Tetrapod Evolution

Australia: The Land Where Time Began

Tetrapod Evolution – Origin

About 200 million years before the Devonian, commonly called the Age of Fishes, about 380 Ma, the early vertebrates radiated to produce a profusion of fish-like animals that inhabited nearshore lagoons, the estuaries of rivers and lakes. From the Middle to the Late Devonian some of these fish-like animals developed limbs with digits – fingers or toes. These tetrapods gradually evolved into vertebrates that eventually moved onto land over the next 350 million years, where they thrived and have remained as the dominant life forms, at least life forms larger than the invertebrates, ever since.
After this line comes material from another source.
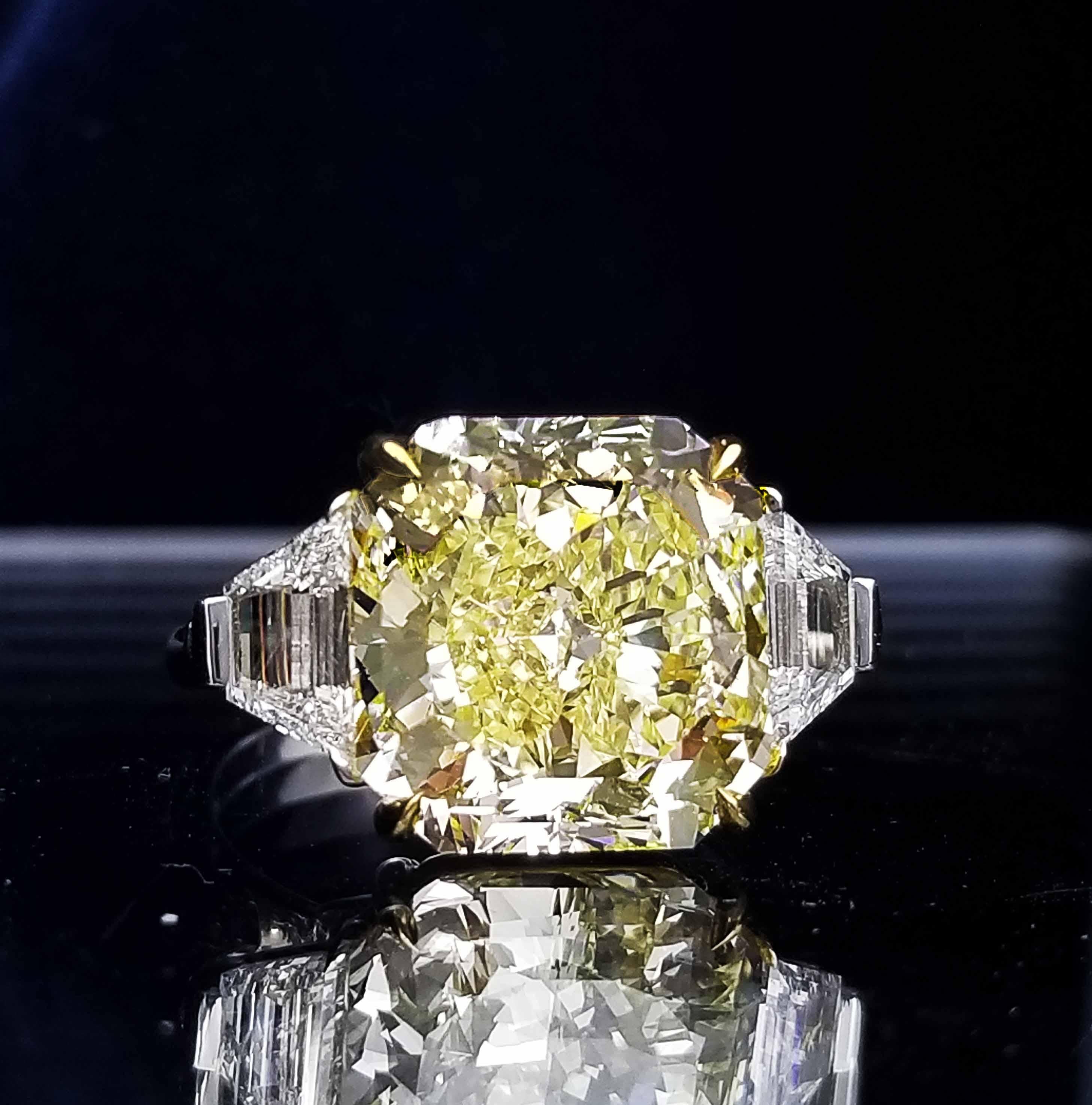 Contemporary Scarselli GIA Certified 8 Carats Yellow Radiant Cut Diamond Engagement Ring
The modern descendants of these early tetrapods have been allocated into 2 major groups. The amphibians include the frogs (anurans-tailless amphibians), salamanders (urodeles – tailed amphibians). The other group, the modern amniotes, that include mammals, turtles, crocodiles and their related forms the birds and the lizards and their related forms, the snakes. The term “reptile” can be used to include all amniotes except mammals, but only if birds are included with the reptiles [they descended from dinosaurs and not synapsids [previously called mammal-like reptiles], the ancestors of mammals. In practice the tetrapods include any animal with 4 legs or whose ancestor had 4 legs. There are also many extinct related taxa of these 2 major radiations of vertebrates, such as the dinosaurs, the closest living relatives of which are the birds.

The move from the water to land was slow and difficult. Enormous evolutionary innovations have resulted from this development, with much of this change occurring by happenstance, as it was not a direct process, more a case of being in the right place at the right time.

The focus for the interaction of a number of disciplines, such as palaeontology, and the related studies of palaeoecology, taphonomy (how the animals died and became fossilised) and palaeobiogeography (where they lived and their distribution in space and time) for the study of the origin, early evolution and relationships of tetrapods. And also, modern zoology, anatomy, physiology, and developmental and molecular genetics.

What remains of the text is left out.